### EXERCISE
Quote word for word from the line holding "Funeral of the" to the last line below, including both, and omit any pictures.

### DATA SEGMENT
+ + + + + + +

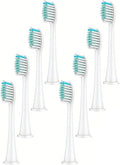 Electric Toothbrush Head Replaceable Sonic Electric Suitable for Philips Sonicare's Brush(White 8pcs)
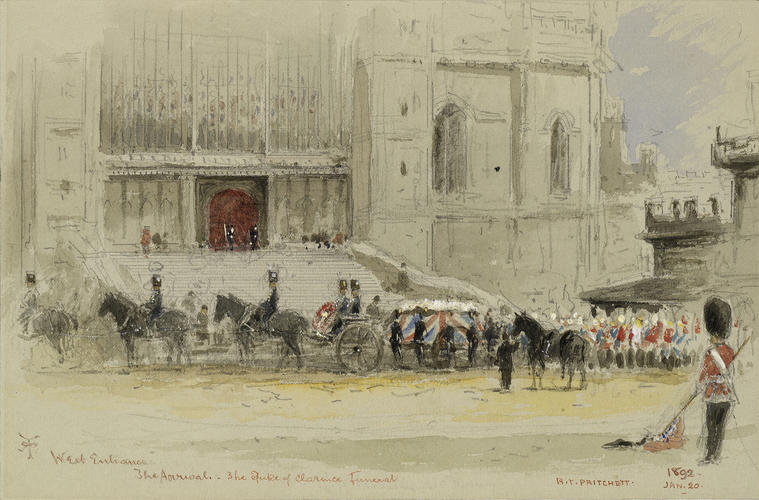 Funeral of the Duke of Clarence, 20-21 January 1892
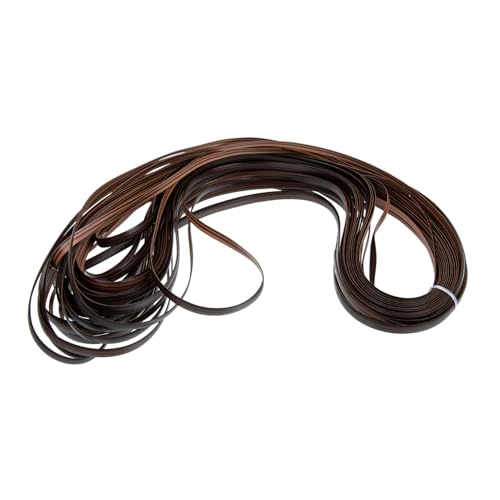 Angoily Kunststoff-Rattan Reparaturmaterial Für Möbel DIY Rattan-Stuhl Pe-flachrattan Braun Wiederverwendbar Einfach Zu Reinigen Für Stühle Tische Körbe von Angoily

+ + + + + + +

### OUTPUT OF THE EXERCISE
 Funeral of the Duke of Clarence, 20-21 January 1892
 Angoily Kunststoff-Rattan Reparaturmaterial Für Möbel DIY Rattan-Stuhl Pe-flachrattan Braun Wiederverwendbar Einfach Zu Reinigen Für Stühle Tische Körbe von Angoily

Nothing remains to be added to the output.